Continuous Electron Beam Accelerator Facility (CEBAF)

Installation work for the new CLAS12 detector in Jefferson Lab’s Experimental Hall B continues. Here, a segment of the pre-shower calorimeter, or PCAL, is installed.

CEBAF is a world-leading facility in the experimental study of hadronic matter, used by scientists to probe the interior of the nucleus to study its properties.
Newport News, Virginia Location
1994 Start of Operations
1,889 (FY 2022) Number of Users


The Continuous Electron Beam Accelerator Facility (CEBAF), at Thomas Jefferson National Accelerator Facility (TJNAF), provides high quality beams of polarized electrons that allow scientists to extract information on the quark and gluon structure of protons and neutrons.  Until 2012, CEBAF operated as a pair of superconducting radio frequency linear accelerators (linacs) in a “racetrack” configuration, capable of delivering 6 GeV (Giga electron-Volt) electron beams simultaneously to three experimental halls.  In 2012, the facility began a major upgrade project to double the maximum energy to 12 GeV, and add new experimental apparatus. Primary goals of the 12 GeV CEBAF Upgrade include doubling the accelerating voltages of the linacs by adding ten new high‐performance, superconducting radiofrequency (SRF) cryomodules (CMs), doubling the capacity of the existing cryogenics cooling plant, and adding eight superconducting magnets.  The upgrade also includes the construction of a new experimental hall (Hall D) for dedicated research on exotic mesons produced by energetic photons incident on a target.
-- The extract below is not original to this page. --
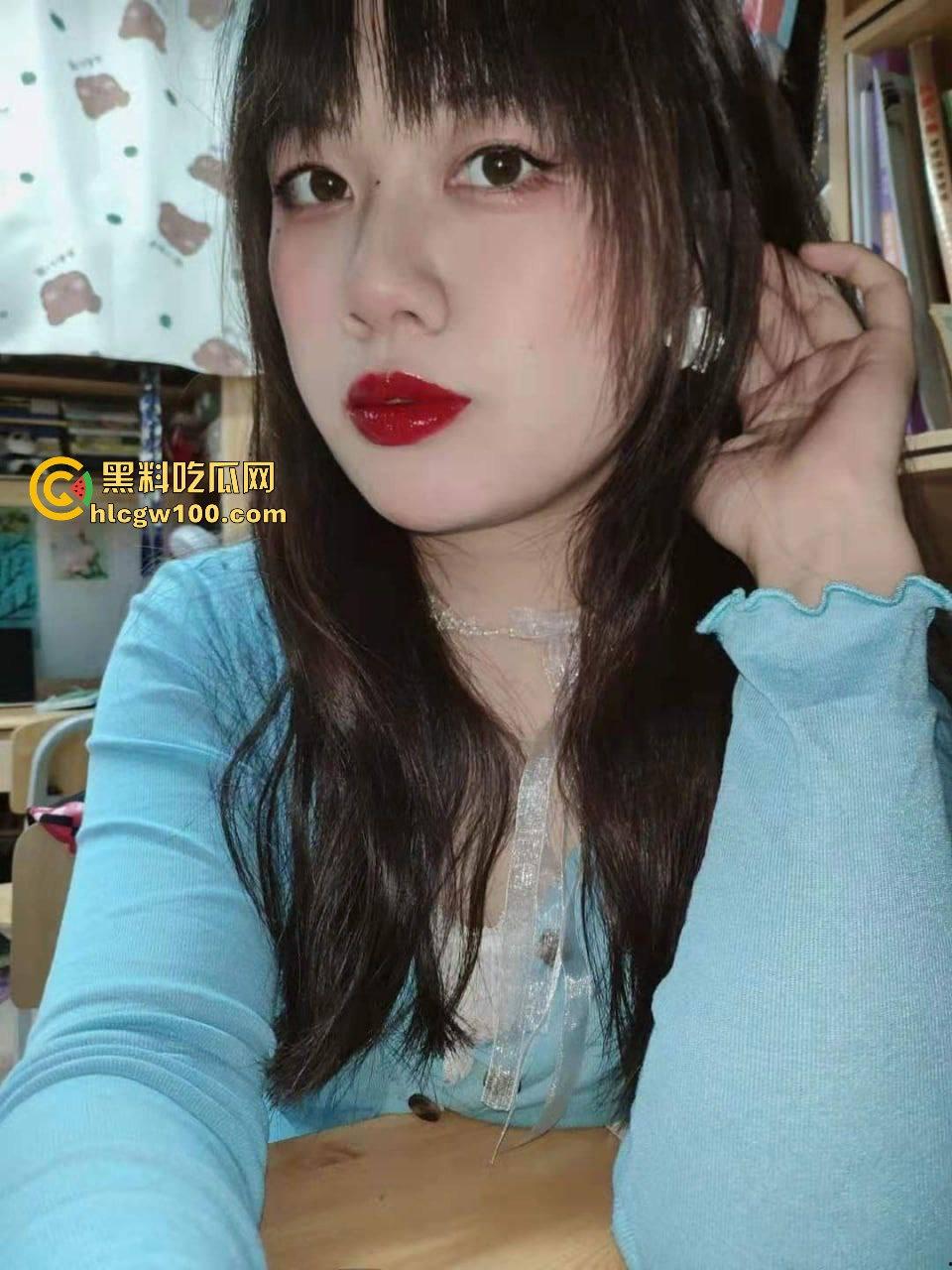 合肥大学【王文婷】性爱视频遭男友曝光,平时嫌男友脏,背地里给炮友口得香!-1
Much of the nature of the visible matter in the universe is determined by the theory known as quantum chromodynamics, or QCD.  QCD describes the interactions among its fundamental constituents—quarks and gluons—as they exist in composite particles known as hadrons, in the quark-gluon plasma, and inside nuclei.  Confinement is a fundamental property of QCD which dictates that quarks and gluons normally exist only inside composite particles, making it impossible to study them in isolation.  Among other predictions, QCD theorizes that the proton mass is dynamically generated by an intense field of gluons that interact amongst themselves and with the quarks.  The nuclei of atoms comprise 99% of the visible mass in the universe which is conjectured to result via this mechanism.

The 12 GeV CEBAF Upgrade will provide unprecedented capability to illuminate the nature of QCD and the origin of confinement via a quantitative understanding of the internal structure of nucleons.  For the first time, higher energy beams made possible by the upgrade will enable observation of heretofore unobserved exotic mesons providing a direct means to study excitations of the gluon field responsible for confinement and the dynamic generation of mass.  Information needed to reconstruct tomographic images of the internal three-dimensional spatial and motional distributions of quarks, antiquarks and gluons within nucleons will also be provided, revealing in greater detail than ever before, the underlying quark-gluon dynamics.  These results will occasion a major advance in our understanding of the structure and properties of nuclei based on first principles of QCD.

Additionally, in a kinematic regime complementary to RHIC, the scattering of polarized electrons off polarized targets will elucidate how the spins of the proton and the neutron are assembled from the spins and motions of their internal quark, antiquark, and gluon constituents.  Short-range forces between nucleons, recently recognized as being fundamentally important for correctly predicting the structure of light nuclei, will also be quantified.  Sensitive tests for evidence of particles and forces beyond the “Standard Model” of all known elementary particles and their interactions will be carried out via high statistics searches for minute violations of a fundamental symmetry of nature called “parity”.  Parity-violating electron scattering “PVES” experiments will also determine with precision the thickness of the neutron "skin" outside the dense cores of heavy nuclei, illuminating the properties of the matter in neutron stars.